● **INFORMATION GIVEN**

_ _ _ _ _

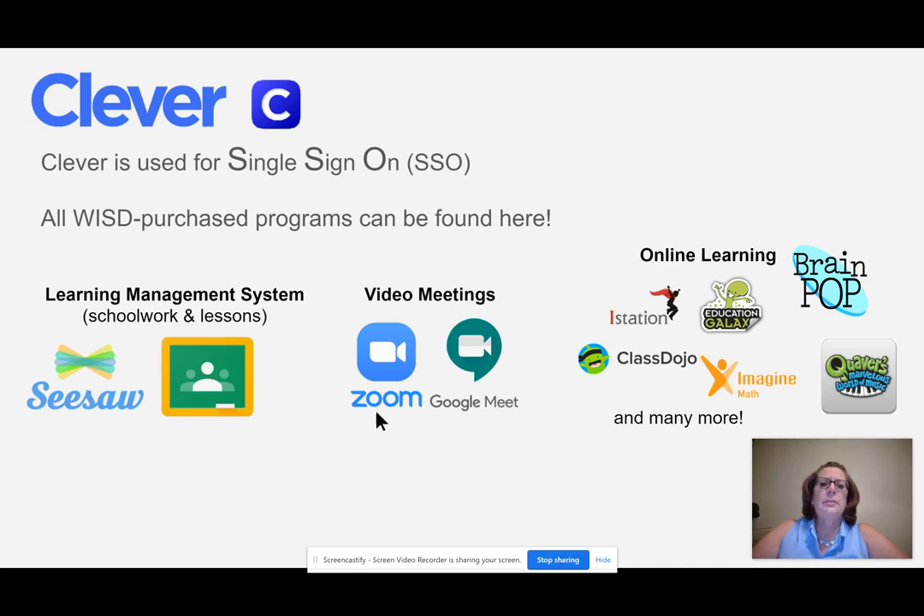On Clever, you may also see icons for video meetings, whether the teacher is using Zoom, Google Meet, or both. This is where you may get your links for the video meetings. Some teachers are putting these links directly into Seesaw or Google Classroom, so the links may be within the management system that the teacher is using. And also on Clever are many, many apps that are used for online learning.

_ _ _ _ _

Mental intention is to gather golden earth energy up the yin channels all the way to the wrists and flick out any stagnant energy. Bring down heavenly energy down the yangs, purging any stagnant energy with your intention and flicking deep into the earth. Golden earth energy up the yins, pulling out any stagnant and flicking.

_ _ _ _ _

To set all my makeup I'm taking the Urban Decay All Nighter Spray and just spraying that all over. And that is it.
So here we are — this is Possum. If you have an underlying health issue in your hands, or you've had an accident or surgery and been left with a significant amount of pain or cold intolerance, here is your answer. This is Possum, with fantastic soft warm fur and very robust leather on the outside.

_ _ _ _ _

● **WORK INSTRUCTIONS**
All that is wanted is an exact copy of the lines above from the one with "To set all my" through the one with "So here we are", with both ends included.

● **FINISHED EXERCISE**
To set all my makeup I'm taking the Urban Decay All Nighter Spray and just spraying that all over. And that is it.
So here we are — this is Possum. If you have an underlying health issue in your hands, or you've had an accident or surgery and been left with a significant amount of pain or cold intolerance, here is your answer. This is Possum, with fantastic soft warm fur and very robust leather on the outside.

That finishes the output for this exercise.